Remove the Barriers.


In general, getting 2-3 servings of fruit daily is not that difficult, but if you don’t love it or aren’t used to incorporating it regularly, the biggest tip I have for you is this:

You must make fruits (and vegetables) as easily accessible as your go-to pantry snacks.

Chopping fruit

The reality is that when you’re hungry, it’s often too late to make smart nutrition decisions.

So, help the future ‘hangry’ you out by purposely turning produce into easy grab-and-go items.

The simple act of making fruit (and really all healthy foods) more accessible will actually help rewire your brain.

Instead of automatically grabbing the convenient bag of chips or granola bar, you’ll start to pause and consider the fruit instead of the junk food.

A perfect example of this: I buy grapes every week but most of the time my husband won’t touch them. He’ll generally go for chips and salsa as a snack instead.

Because I was throwing a lot of deflated grapes away, I decided to put in about 30 seconds more effort towards making them easier to grab by pulling the grapes off the stems or cutting them into small bunches. Then I put them into an open bowl in the fridge.

That small change – just making them easy to grab in a pinch between meetings – increased my husband’s fruit consumption by at least 100% (no joke...he calls grapes not in a bowl "inedible").
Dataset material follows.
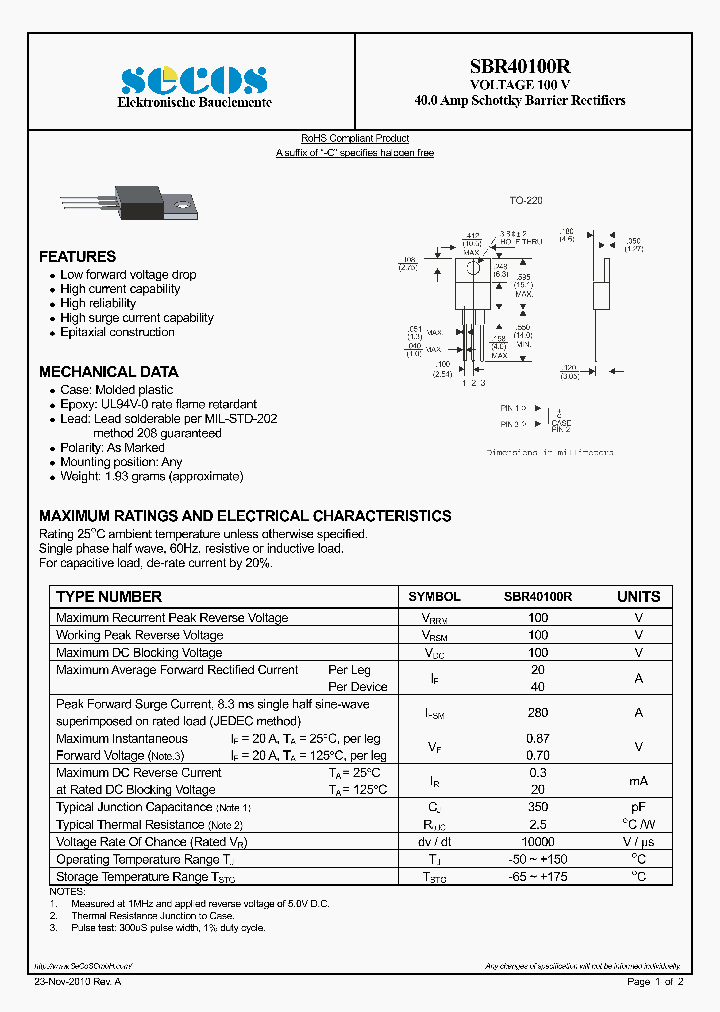 SBR40100R_4284953.PDF Datasheet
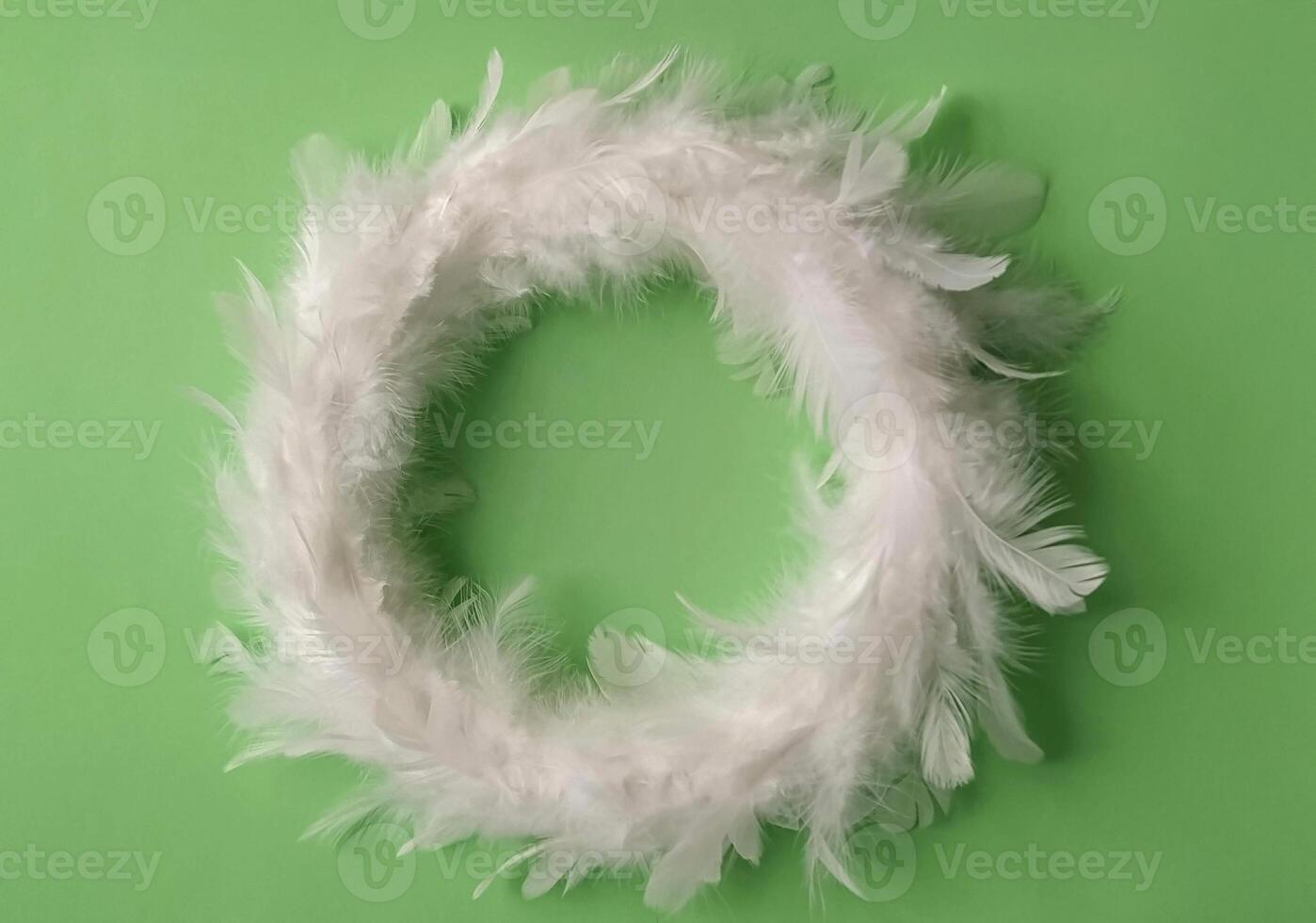 White Feather Wreath on Green Background photo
This trick works for all fruit and even some vegetables by the way (anything that’s easy to grab and go like carrot or celery sticks).
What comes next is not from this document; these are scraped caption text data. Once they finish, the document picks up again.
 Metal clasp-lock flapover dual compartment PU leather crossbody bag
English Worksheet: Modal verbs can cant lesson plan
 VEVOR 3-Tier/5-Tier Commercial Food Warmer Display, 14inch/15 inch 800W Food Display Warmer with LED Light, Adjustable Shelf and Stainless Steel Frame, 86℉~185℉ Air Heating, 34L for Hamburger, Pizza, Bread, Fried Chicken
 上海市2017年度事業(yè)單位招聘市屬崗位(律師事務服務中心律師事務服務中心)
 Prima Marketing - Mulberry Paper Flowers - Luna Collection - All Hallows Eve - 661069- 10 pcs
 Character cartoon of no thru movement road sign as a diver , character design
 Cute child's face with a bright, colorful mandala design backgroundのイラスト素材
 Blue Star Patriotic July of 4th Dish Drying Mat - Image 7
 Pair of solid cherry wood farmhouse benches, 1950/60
Creativity is the Spice of Nutrition (Life?)


Consistently eating the recommended 2-3 servings of fruit per day is absolutely within reach for you and if you’re picky and need additional creative ideas, I’ve listed some below.

Here’s a thought I’ll end with if you’re still skeptical about the fruit situation: If you commit to getting in 2-3 servings of fruit each day for at least 3 weeks (especially by substituting some of your other snacks or meal components with fruit), I can almost guarantee you’ll notice a drastic difference in your energy, focus, and digestion.

Just give it a try! By the end of 3 weeks if you decide you hate it, then quit. But something tells me that’s unlikely (maybe it’s my 10+ years of experience in the nutrition space…I don’t know).

In any case, I wanted to leave you with just a few simple ways to make fruit more accessible, fun, and exciting to eat. I believe fruit is an important part of any healthy diet and I want to encourage you to make it a part of your every day life. Cheers!

🍓 Use frozen blueberries as a "syrup" for pancakes by microwaving for 1-2 minutes while your pancakes cook. Heat until the skins break, and they form a thick liquid. 

🍓 Pair fruit with a yogurt dip

🍓 Lightly sauté banana slices in a pan on medium-low heat until soft. Serve over plain yogurt, in oatmeal, or on a peanut butter sandwich.

🍓 Make a smoothie using several types of fruits, greens, and unsweetened cocoa powder.

🍓 Grill stone fruits like peaches, nectarines, and plums and add to a salad (best on arugula with burrata or mozzarella and a balsamic drizzle).

🍓 Bake half an apple in the oven with a little cinnamon until soft, then top with a bit of whipped cream or vanilla ice cream.

Nutritious smoothie bowl

🍓 Create a “smoothie bowl.” Make a smoothie with various fruits and greens, then pour it into a bowl and top with additional fruit, cereal, nuts, or low sugar granola. This tends to be more physically and mentally satisfying than a smoothie because instead of slurping it down quickly, you sit and eat the bowl at a slower pace.

🍓 Slice fruits like strawberries, apples, melon, and pineapple into bite-size pieces that can be enjoyed by themselves, in yogurt, or in oatmeal.

🍓 Slice apples and sprinkle with cinnamon or pumpkin spice seasoning (add lemon juice to slow the browning process). Optional addition: serve with peanut butter or almond butter.

🍓 Cut oranges into wedges instead of leaving them whole (remember childhood soccer games??)

🍓 Enjoy berries with a bit of whipped cream.

🍓 Drizzle berries with a thin layer of extra dark chocolate (70% cocoa or greater). Put them in the fridge to set and then place them in a bowl in the fridge for a great healthier dessert.